My point is this: be very, very careful of the people you idolize. Be very wary of anyone who seems to have it all together, or says that God loves them more, or has to backtrack and backpedal due to making false claims. If you wouldn’t be friends with someone in real life because of their decisions and actions, why are you patronizing their blog and helping them to earn more money? Be careful whom you aspire to be like, and beware of envying someone else’s life. I know I was guilty. I would dearly love to have X number of kids running around my house (a big, beautiful house), to make what looks to be tens of thousands of dollars each month off my blog. I would dearly love to be creative and quirky and funky and so “bold” in my blogging. I would love to have concrete proof of God’s love and faithfulness in my everyday life in the form of a healed child. Or any child, for that matter. But at what cost?

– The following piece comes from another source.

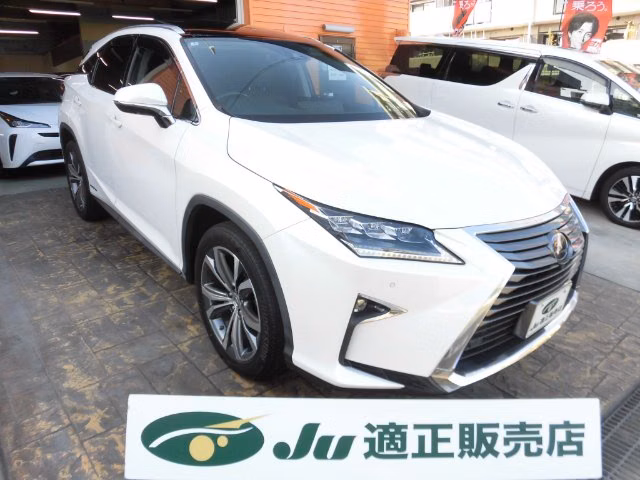 Lexus RX450h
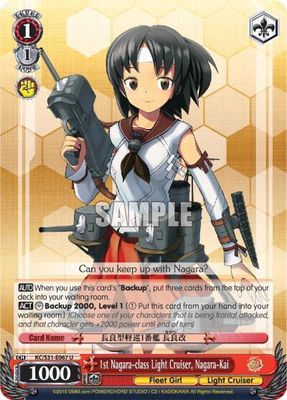 1st Nagara-class Light Cruiser, Nagara-Kai - KanColle, 2nd Fleet (KC/S31)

But now you can be certain that I will guard my heart against these idols who walk among us, looking to take our minds and hearts from pure things. How much time have people spent reading this woman’s blog and feeling bad about their own life or parenting skills? Time that they could have spent actually playing with their children or talking to their spouse. I worry about this woman’s children, and how they will feel about their every moment being put up as blog fodder. Granted, we’ll blog about our children, but we won’t expose them willingly to pedophiles. And we won’t subject them to contrived and forced situations for blog purposes. I won’t lie to you and use my cute children as bait so that you’ll click and make me some money. I only wish this woman would shield her children a little more from the prying eyes and nosy people. And if she’s lying half as much as it looks like she is, and doing it while proclaiming the Lord’s name all over the internet, well…God save her.
If someone looks too good to be true, and purports to be better than you, walk away. Someday you may actually get a glimpse at the seamy underbelly of their situation, and the sound that idol makes as it falls down is deafening. And heartbreaking. Guard your heart, bloggity friends. I’ll definitely be a little more cautious from now on.
Tell me — have you idolized a blogger only to find out that they may be a big phony?